しかしこの5個目のチップ、出た瞬間にゲームが終了するので、このチップがゲーム中で必要な時間は実質的に「ゼロ」です。
この「理論的には存在しない時間のためのチップ」という何とも哲学的なチップを入れるべきかどうか、これは設計段階で悩んだところです。
しかし、「勝利して2個目のチップを受け取るという儀式のため」に、最終的に5個目の入れることにしました。
実際にはプレイした方のツイートなどで勝利した方の所に2個目のチップを置いて写真を撮られているケースもあり、入れて良かったと思います。
私はボードゲームは一種の「ごっこ遊び(ロールプレイ)」だと思っているのですが、ゲームに勝利したという余韻と儀式をより強化するフレーバー(雰囲気)のためのツールとして、この小さな一つのチップが役に立っているのではないか、と思うわけです。
こうした部品一つ、カード一つ、デザイン一つの「意味」を考えることが、一つ一つ自分の「身」になると思います。
例えば私は「卓上ヘボコン 対戦キット」を作る中で、ポリオミノ(テトリスのような、四角形を組み合わせたブロック)のことを調べて、ゲームで使うにはどういう組み合わせや数が良いかを考えました。

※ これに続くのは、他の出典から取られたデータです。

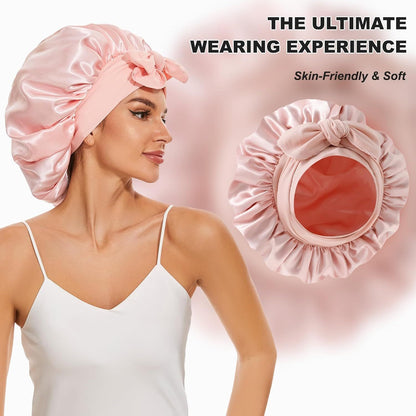 1 Piece, Satin Bonnet for Sleeping, Large Sleep Cap with Elastic Tie Band for Curly Hair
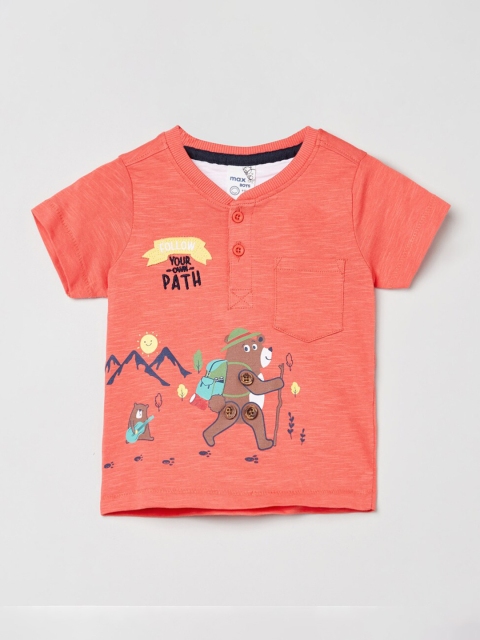 max Boys Orange Printed Henley Neck T-shirt with Pocket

日本の個人制作デザイナーでこの経験がある人はなかなか少ないと思いますので、これは結構な特殊スキルじゃないかと思っています。
しかし、逆にコインや得点をたくさんやりとりするゲームを作った事が無いので、得点チップの適切な数量なんかはわかりません。
他の制作者とお話ししていても、「XXなゲームを作っています」と特定のゲームシステムに特化した制作者の方は、こうした特定のジャンルのノウハウを突き詰めているのだろうと思います。
「海外の有名なゲームでこういうカードの組み合わせだから」とそのまま持ってきたんじゃ無いか?と思われるようなカードやタイル構成のゲームを見かけることも、正直なところ少なからずあるのですが、一つ一つ「ちゃんと」考えたら、おそらくそのまま同じになることは少ないはずです。また逆にこうして自分で考えたノウハウを蓄積していくと、「あ、あの人のゲームだ」と分かるぐらい、デザイナーの「癖」が出て来ます。
もっとそうした「個性」のある作品に出会いたいなと思う次第です。